2. use other index in the WHERE clause that are selective (i.e. order dates?)
3. user the charindex instead of like. consider the limitation though.
4. Modify the like to use [] instead of %, if possible.

Note, the more index, the better the select but the slower the DML (INSERT, etc.). You have to consider what is best based on the business requirements and technical resources that you have (space, cpu, maintenance, etc.)

May the Almighty God bless us all!
Go to Top of Page

rockmoose
SQL Natt Alfen

3279 Posts

Posted - 2006-05-16 : 15:35:08
Yes, that was what I thought. Thanks.

This whole exercise has made me think about how sql server goes about sarging a wide character index with low selectivity for the first n characters.
For instance how many characters are used for seeking into the index.

I did this: LIKE 'OrderCode=SAMESTRING_23_12_2005%'
according to query plan, there was an index seek which returned 2.4m rows!
The # of rows returned after the filter was 7!

The selectivity is very high, the information is almost unique in the column, but low selectivity in the beginning of the data.
When I first created the index, I thought that there would be no problem for sql server to use it.
And when searching for data not beginning with the killer string, then it is lightning fast.

rockmoose
Go to Top of Page

rockmoose
SQL Natt Alfen

3279 Posts

Posted - 2006-05-16 : 15:49:30
Thanks skywalker.

1. At least this part "OrderCode=", is just something that the application smacks on the data, and removes when presenting it. So it's just waste of space.
2. I considered that, The problem is that there would be more changes involved, change the sproc, change the application logic so that it provides a decent range of dates, etc..
3. I will definitely try that out, thanks for the suggestion
4. I don't think it is applicable here

rockmoose
Go to Top of Page

Kristen
Test

22859 Posts

Posted - 2006-05-16 : 23:04:19
Much as I hate VIEWs with Indexes you could put one on this:

CREATE VIEW MyView
AS
SELECT *, [IndexCol] = SUBSTRING([RealCol], 22, 400-22)
FROM MyTable

then create an index on IndexCol. You'd need to query the View instead of the Table though, and given all of that you may be better off just changing the way the application holds data for that column!

Could you get the same effect with a calculated column in the table - can that be indexed?

Mind you, I hate those darn things too! Mucks up trying to insert into the table via a view, if you have one, and needing SET ARITHABORT ON or one of those blighters ...

Yeah, on reflection modify the application!

Kristen
Go to Top of Page

Michael Valentine Jones
Yak DBA Kernel (pronounced Colonel)

7020 Posts

Posted - 2006-05-17 : 00:02:59
If you are always searching for a certain portion of this column, you might consider adding another column (or computed column) to the table with a CHECKSUM of just that part of the data and putting an index on that.

The index search should be highly selective, because it could find the small number of rows matching the CHECKSUM, and then apply the LIKE.

Since a CHECKSUM is an integer, the overhead for that type of index is much lower than for the full 400 character column.

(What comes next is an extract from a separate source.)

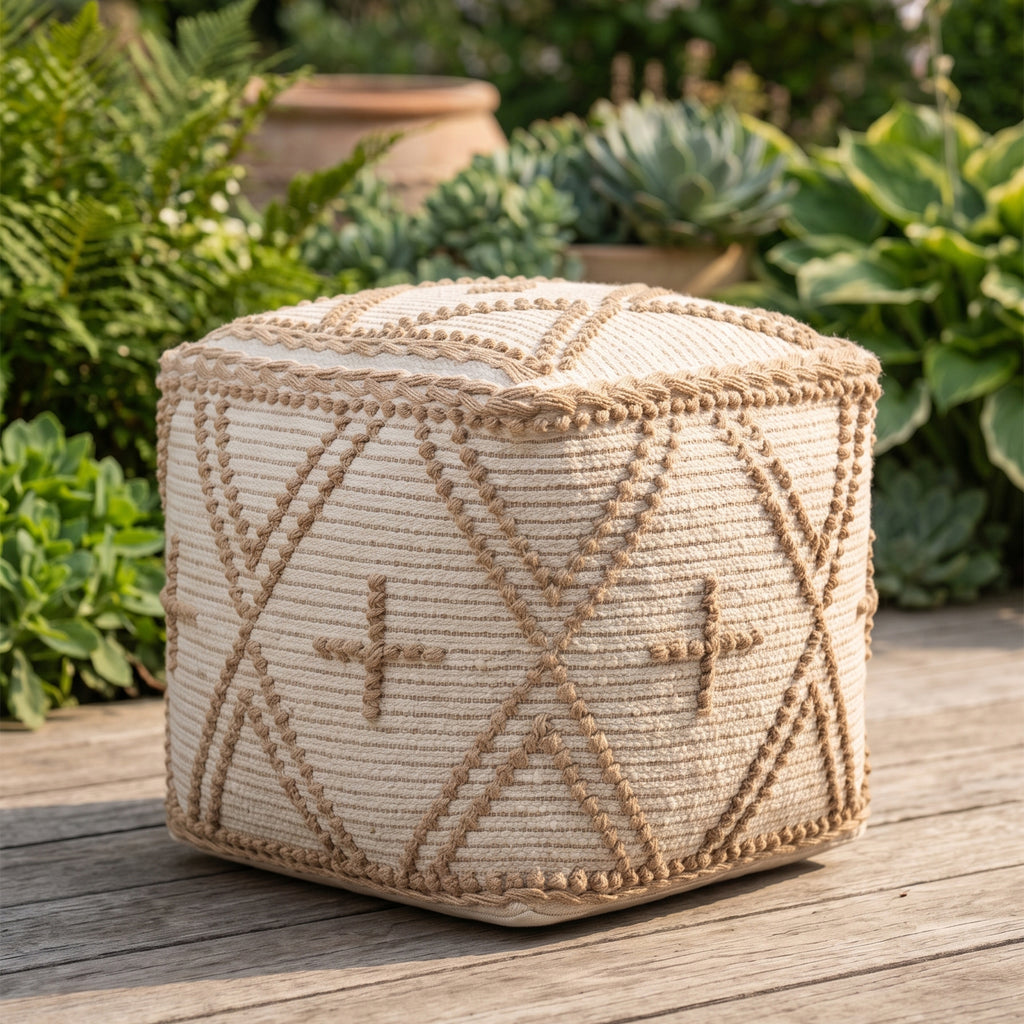Sterling Pouf - Pure Beige Cashmere [WOOL+JUTE+COTTON]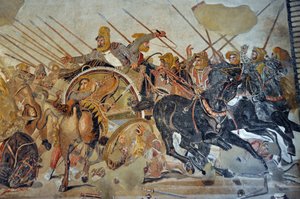 Detalje af en mosaik fra Pompei: Slaget ved Issos mellem Alexander og Dareios (4. århundrede f.Kr.). - Kong Darius III Codoman (380-330 f.Kr.), desempare på sin stridsvogn - opus vermiculatum - Arkæologisk Museum i Napoli, Italien - Museo Archeologico Nazi af Roman Roman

If all of your searches use, for example, the first 40 characters, and that is highly selective, you migh be able to get rid of the current index, and just have a CHECKSUM index on the first 40 characters.

Even several CHECKSUM indexes convering different parts of the column might use less space than the current index and give you better performance.


where
COL_CHECKSUM = CHECKSUM('23_12_2005') and
COL like 'OrderCode=SAMESTRING_23_12_2005:abc:def%'


CODO ERGO SUM
Go to Top of Page

Kristen
Test

22859 Posts

Posted - 2006-05-17 : 01:00:59
That's a nice idea MVJ.
Go to Top of Page

eyechart
Master Smack Fu Yak Hacker

3575 Posts

Posted - 2006-05-17 : 01:03:56
that is a really good idea MVJ.

I have done similar work, but used a hash value instead. Now that I think about it, a checksum would be better since it is faster to compute and the fact that there might be a small number of dupes is not really of any significance.



-ec
Go to Top of Page

Michael Valentine Jones
Yak DBA Kernel (pronounced Colonel)

7020 Posts

Posted - 2006-05-17 : 10:33:19
Speaking of overlooking the obvious , I see that the query you posted has wildcard underscore characters in it. You may get your query to be more selective by using escape characters to disable the underscore wildcard.


where
like 'OrderCode=SAMESTRING_23_12_2005:abc:def%'

Change to:

where
like 'OrderCode=SAMESTRING^_23^_12^_2005:abc:def%' escape '^'


CODO ERGO SUM
Go to Top of Page

mmarovic
Aged Yak Warrior

518 Posts

Posted - 2006-05-17 : 11:10:29
quote:
Originally posted by rockmoose

Hi,

We have a 3m rows large table with a nvarchar(400) column.
That column is indexed, and there are some searches on that column with the format:
LIKE 'OrderCode=SAMESTRING_23_12_2005:abc:def%'

Now the problem is that about 80% of the rows start with, the same string: "OrderCode=SAMESTRING_", this essentially makes the sargable index seek return 2m + rows.
Sql Server intermittedly does index seeks & scans on the table.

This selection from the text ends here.